Russia Says the US Was Behind Drone Attack on the Kremlin

The US has denied any involvement

Russia on Thursday said the US was behind the drone attack that targeted the Kremlin, which Moscow said was an attempt on Russian President Vladimir Putin’s life.

“We know very well that the decisions to carry out such actions, such terrorist attacks, are made not in Kiev. Rather, it is precisely in Washington,” Kremlin spokesman Dmitry Peskov said. He added that “often even the targets themselves are not determined by Kiev, but by Washington.”

Russian Foreign Ministry spokeswoman Maria Zakharova made similar comments. “First and foremost, the creators and handlers of the Kiev regime, who hail from Washington, London and NATO, bear overall responsibility for everything that it [Ukraine] is perpetrating,” she wrote on Telegram.

The comments drew a denial of involvement in the drone attack from the White House. “I can assure you that there was no involvement by the United States in this. Whatever it was did not involve us,” said National Security Council spokesman John Kirby. “We had nothing to do with this.”

The comments from Moscow suggest Russia is considering a major escalation of the war. Peskov said Russia was considering a “wide variety” of responses to the drone attack.

“Naturally, I cannot provide you any details here.
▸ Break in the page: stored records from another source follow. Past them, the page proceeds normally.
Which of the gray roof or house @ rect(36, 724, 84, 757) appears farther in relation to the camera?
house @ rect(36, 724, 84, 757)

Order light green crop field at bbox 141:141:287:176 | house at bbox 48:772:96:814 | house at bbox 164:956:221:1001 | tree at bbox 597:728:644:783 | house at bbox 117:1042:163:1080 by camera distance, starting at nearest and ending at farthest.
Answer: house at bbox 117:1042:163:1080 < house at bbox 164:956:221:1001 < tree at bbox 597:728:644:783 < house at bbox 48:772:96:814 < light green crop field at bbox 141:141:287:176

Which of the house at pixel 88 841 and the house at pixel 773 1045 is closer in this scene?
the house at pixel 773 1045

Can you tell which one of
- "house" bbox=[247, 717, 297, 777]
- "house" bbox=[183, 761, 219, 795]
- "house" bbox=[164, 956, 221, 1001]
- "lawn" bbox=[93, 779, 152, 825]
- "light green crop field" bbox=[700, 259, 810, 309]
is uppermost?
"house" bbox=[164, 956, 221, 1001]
In any case the issue may only be about well-thought-out steps that meet the interests of our country,” he told reporters.
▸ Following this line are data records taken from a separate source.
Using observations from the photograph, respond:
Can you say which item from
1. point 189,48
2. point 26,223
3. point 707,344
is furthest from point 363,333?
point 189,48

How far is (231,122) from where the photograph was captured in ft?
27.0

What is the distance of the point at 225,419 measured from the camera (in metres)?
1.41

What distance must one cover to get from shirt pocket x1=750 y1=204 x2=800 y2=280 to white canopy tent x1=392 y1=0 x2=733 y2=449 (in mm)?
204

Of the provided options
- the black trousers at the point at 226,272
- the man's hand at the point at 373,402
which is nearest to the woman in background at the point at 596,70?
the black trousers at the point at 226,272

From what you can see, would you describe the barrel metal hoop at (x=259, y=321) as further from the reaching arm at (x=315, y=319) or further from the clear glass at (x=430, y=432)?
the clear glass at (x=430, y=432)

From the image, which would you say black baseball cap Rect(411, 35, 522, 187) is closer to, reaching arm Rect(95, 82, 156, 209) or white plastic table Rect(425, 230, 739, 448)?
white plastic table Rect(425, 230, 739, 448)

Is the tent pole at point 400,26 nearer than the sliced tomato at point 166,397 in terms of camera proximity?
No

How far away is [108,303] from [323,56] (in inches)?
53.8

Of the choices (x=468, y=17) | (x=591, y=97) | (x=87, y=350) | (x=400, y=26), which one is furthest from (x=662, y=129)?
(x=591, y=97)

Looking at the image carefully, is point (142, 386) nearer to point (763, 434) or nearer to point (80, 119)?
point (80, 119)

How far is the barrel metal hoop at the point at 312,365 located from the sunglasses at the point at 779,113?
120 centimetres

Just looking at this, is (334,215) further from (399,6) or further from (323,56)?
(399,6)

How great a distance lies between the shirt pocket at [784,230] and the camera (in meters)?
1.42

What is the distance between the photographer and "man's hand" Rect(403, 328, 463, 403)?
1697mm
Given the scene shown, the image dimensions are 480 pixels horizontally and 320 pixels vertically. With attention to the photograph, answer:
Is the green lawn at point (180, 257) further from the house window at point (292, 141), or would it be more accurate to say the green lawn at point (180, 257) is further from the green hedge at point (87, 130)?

Ukrainian officials have also denied involvement in the drone attack, which targeted the Kremlin early Wednesday morning, but Ukrainian attacks inside Russia have stepped up in recent months.
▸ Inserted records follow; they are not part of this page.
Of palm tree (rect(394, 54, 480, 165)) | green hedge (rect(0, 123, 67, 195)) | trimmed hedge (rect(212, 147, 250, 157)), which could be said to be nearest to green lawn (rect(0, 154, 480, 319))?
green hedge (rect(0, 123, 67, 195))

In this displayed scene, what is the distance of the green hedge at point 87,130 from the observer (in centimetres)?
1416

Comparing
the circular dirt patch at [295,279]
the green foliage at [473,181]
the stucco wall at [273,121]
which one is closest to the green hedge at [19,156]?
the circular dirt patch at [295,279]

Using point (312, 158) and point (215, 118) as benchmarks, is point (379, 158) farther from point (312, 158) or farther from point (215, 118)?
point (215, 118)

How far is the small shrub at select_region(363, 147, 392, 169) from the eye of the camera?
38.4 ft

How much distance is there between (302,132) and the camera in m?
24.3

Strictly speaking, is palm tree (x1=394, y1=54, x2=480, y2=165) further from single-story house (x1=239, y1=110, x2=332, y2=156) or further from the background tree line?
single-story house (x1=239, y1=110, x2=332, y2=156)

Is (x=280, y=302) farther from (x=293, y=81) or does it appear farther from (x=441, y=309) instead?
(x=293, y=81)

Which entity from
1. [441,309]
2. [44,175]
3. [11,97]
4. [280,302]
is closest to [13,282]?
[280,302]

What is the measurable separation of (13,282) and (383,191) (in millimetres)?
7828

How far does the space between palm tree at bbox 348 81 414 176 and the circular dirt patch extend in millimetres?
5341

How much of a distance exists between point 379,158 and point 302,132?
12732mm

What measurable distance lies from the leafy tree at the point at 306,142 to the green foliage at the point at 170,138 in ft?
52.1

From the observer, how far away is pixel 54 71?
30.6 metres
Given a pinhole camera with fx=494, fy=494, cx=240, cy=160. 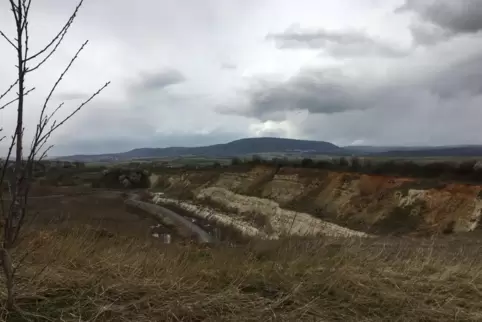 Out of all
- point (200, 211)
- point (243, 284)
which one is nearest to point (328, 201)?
point (200, 211)

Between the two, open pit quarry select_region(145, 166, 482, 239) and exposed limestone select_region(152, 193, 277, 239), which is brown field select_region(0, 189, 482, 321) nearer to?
open pit quarry select_region(145, 166, 482, 239)

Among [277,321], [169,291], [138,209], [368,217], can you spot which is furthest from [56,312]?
[138,209]

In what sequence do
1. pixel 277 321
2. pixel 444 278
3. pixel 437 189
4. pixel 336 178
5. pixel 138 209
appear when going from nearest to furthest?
pixel 277 321, pixel 444 278, pixel 437 189, pixel 336 178, pixel 138 209

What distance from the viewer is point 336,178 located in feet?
174

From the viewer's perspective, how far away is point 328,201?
1921 inches

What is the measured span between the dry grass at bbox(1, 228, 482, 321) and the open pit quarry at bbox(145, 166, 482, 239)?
40.5 feet

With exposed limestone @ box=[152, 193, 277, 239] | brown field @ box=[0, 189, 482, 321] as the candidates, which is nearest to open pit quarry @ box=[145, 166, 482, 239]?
exposed limestone @ box=[152, 193, 277, 239]

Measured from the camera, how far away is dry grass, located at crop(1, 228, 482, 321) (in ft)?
13.5

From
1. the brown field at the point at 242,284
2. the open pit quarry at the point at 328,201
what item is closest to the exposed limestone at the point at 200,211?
the open pit quarry at the point at 328,201

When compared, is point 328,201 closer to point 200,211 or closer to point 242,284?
point 200,211

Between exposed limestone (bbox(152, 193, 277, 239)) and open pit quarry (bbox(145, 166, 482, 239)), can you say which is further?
exposed limestone (bbox(152, 193, 277, 239))

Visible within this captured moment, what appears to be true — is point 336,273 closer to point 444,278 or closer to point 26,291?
point 444,278

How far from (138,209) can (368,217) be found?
101 feet

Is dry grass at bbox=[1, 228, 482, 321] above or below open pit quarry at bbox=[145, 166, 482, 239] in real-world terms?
above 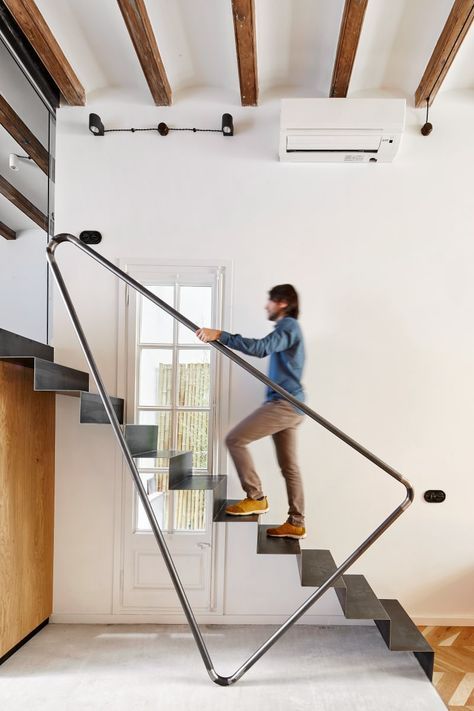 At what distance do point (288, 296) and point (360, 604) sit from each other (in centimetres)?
176

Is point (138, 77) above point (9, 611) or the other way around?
above

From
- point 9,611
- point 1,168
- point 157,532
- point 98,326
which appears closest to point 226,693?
point 157,532

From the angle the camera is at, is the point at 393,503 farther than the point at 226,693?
Yes

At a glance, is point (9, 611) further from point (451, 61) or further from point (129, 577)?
→ point (451, 61)

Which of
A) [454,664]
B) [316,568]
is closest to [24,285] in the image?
[316,568]

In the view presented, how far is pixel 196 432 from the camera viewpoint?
3.56 metres

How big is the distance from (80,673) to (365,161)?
3.43 meters

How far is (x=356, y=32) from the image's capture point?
2.85 meters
Pentagon documents allegedly leaked by Jack Teixeira show that the US was concerned about Ukraine planning attacks in Moscow and that Zelensky might not have control over his intelligence services.

One leak showed that Ukraine’s security service, the SBU, determined its agents violated orders by attacking a Russian surveillance plane in Belarus. Another leak revealed that Ukraine postponed planned attacks in Moscow that would have coincided with the one-year anniversary of Russia’s invasion.